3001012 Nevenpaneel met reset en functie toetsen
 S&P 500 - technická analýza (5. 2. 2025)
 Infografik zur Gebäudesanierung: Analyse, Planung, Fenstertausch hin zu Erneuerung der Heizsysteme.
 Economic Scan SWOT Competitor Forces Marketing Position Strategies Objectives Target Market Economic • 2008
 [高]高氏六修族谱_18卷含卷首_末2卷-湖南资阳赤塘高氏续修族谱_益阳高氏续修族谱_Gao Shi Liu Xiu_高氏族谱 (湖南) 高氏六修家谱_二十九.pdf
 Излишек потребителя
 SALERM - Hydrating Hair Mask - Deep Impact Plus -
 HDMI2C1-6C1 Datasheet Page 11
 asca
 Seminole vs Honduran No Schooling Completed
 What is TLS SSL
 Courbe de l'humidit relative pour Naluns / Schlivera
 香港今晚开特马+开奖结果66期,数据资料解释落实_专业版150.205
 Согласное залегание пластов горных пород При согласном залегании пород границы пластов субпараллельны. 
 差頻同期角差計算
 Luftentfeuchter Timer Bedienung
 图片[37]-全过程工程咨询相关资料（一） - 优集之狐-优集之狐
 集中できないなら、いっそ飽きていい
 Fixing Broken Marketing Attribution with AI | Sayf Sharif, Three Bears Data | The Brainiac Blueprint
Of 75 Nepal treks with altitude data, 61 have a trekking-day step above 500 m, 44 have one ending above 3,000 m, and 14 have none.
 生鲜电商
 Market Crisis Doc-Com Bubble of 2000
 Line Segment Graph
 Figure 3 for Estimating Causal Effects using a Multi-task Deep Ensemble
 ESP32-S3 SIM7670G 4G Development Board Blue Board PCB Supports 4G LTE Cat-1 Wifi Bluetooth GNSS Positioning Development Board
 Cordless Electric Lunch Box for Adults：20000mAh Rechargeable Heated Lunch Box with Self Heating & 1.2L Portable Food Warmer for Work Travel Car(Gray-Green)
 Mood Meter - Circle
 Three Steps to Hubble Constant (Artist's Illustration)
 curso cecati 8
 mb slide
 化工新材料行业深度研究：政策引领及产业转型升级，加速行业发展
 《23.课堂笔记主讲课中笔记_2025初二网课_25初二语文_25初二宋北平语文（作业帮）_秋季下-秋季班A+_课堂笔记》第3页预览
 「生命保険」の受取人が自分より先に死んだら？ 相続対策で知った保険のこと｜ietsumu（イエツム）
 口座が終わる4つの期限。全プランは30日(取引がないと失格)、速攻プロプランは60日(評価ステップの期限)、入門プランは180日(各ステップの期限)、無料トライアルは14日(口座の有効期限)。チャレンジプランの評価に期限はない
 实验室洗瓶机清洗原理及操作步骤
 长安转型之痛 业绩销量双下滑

## [GOAL OF THE EXERCISE]
Taking the material above, extract exactly and only the lines from the line with "curso cecati 8" to the line with "实验室洗瓶机清洗原理及操作步骤", inclusive of both.

## [RESULT FOR THIS EXERCISE]
 curso cecati 8
 mb slide
 化工新材料行业深度研究：政策引领及产业转型升级，加速行业发展
 《23.课堂笔记主讲课中笔记_2025初二网课_25初二语文_25初二宋北平语文（作业帮）_秋季下-秋季班A+_课堂笔记》第3页预览
 「生命保険」の受取人が自分より先に死んだら？ 相続対策で知った保険のこと｜ietsumu（イエツム）
 口座が終わる4つの期限。全プランは30日(取引がないと失格)、速攻プロプランは60日(評価ステップの期限)、入門プランは180日(各ステップの期限)、無料トライアルは14日(口座の有効期限)。チャレンジプランの評価に期限はない
 实验室洗瓶机清洗原理及操作步骤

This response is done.